L'aide militaire est issue du dialogue entre les deux présidents. L'Ukraine est un pays qui fonctionne bien, avec une administration qui fonctionne également et les Ukrainiens savent très bien demander ce dont ils ont besoin, en ciblant leurs requêtes.

Si l'ambassade est restée à Kiev, c'est évidemment un signe politique fort, mais surtout un gage d'efficacité car le contact constant avec les Ukrainiens nous a permis de nouer un dialogue très riche dans tous les domaines – militaire, humanitaire, etc.

Au début de la guerre surtout, les Ukrainiens étaient submergés par l'aide et leur difficulté était d'aller la chercher. Les chauffeurs européens ne pouvaient traverser la frontière pour des raisons de sécurité, et les chauffeurs ukrainiens, denrée rare en période de guerre, ne devaient aller chercher que ce qui était vraiment nécessaire. Dès le 7 mars, alors que nous avions quitté le Kiev pour Lviv, avec mon équipe et l'attaché de sécurité intérieure, nous avons engagé un dialogue avec la vice-ministre de l'intérieur, interlocutrice régulière du poste. C'était le tout début de la guerre, mais elle savait parfaitement quels étaient les besoins des services d'urgence, en matière de camions de pompiers, d'ambulances, etc.
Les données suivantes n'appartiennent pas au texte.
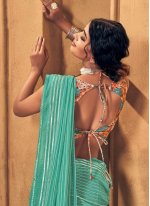 Turquoise Fancy Ceremonial Designer Saree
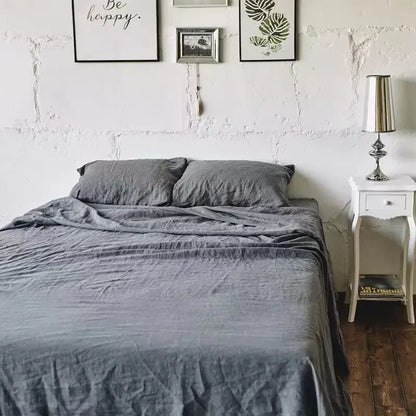 Soft and breathable natural linen sheet set: 2 pillowcases + rustic style sheets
J'étais en mesure d'envoyer une liste à Paris le 7 au soir et, le 19 mars, moins de trois semaines plus tard, je réceptionnais sur le territoire ukrainien, à Tchernivtsi, le matériel demandé grâce au travail, qu'il faut saluer, de mes collègues du centre de crise et de soutien (CDCS).
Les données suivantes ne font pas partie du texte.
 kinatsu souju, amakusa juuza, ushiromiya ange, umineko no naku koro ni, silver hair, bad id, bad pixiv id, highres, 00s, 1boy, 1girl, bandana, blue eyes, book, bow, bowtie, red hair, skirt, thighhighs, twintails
Nous en sommes au quatrième ou cinquième convoi du même type et notre présence à Kiev est gage de proximité et de confiance. Elle nous donne également une très forte visibilité.

Le processus est similaire sur le plan militaire, même si les discussions sont plus confidentielles : les Ukrainiens savent parfaitement définir leurs besoins et ils nous demandent uniquement ce que nous sommes en mesure de leur fournir.

Ils ont ainsi mis l'accent sur les canons Caesar, dont la précision leur a permis de beaux succès.

« Un bateau pour l'Ukraine » fut l'opération d'aide humanitaire la plus importante jamais menée par le ministère des affaires étrangères. Un navire mis à disposition par la CMA-CGM (Compagnie maritime d'affrètement - Compagnie générale maritime) est parti de Marseille pour Constanţa, chargé de 1 000 tonnes de fret, dont des camions de pompiers et des ambulances, qui ont été acheminées jusqu'à Suceava. J'ai réceptionné l'aide à Tchernivtsi et l'ai remise aux autorités ukrainiennes. Comme nous l'a proposé le président Zelenski, nous avons pu choisir les villes et les régions qui feraient l'objet de notre parrainage. Il s'est agi, en particulier, de Kharviv, Stryi – qui accueille de nombreux réfugiés internes – et, surtout, Tchernihiv, qui a courageusement résisté à l'armée russe pendant le premier mois de l'offensive.

À la suite des crimes de guerre de Boutcha, nous avons été les premiers à envoyer des gendarmes légistes : une équipe de l'Institut de recherche criminelle de la gendarmerie nationale (IRCGN) est arrivée en Ukraine dès le 11 avril. Depuis, nous avons conduit plusieurs missions du même ordre. Nous avons également donné un laboratoire mobile ADN, que j'ai vu à l'œuvre à Izioum, et nous allons en donner un deuxième, qui est en cours de fabrication. Dans ce domaine clé de la lutte contre l'impunité, personne n'a fait aussi vite ni aussi bien que nous. Le procureur général d'Ukraine a d'ailleurs chaudement remercié les autorités françaises pour leur réactivité lors de son déplacement à Paris il y a quelques jours.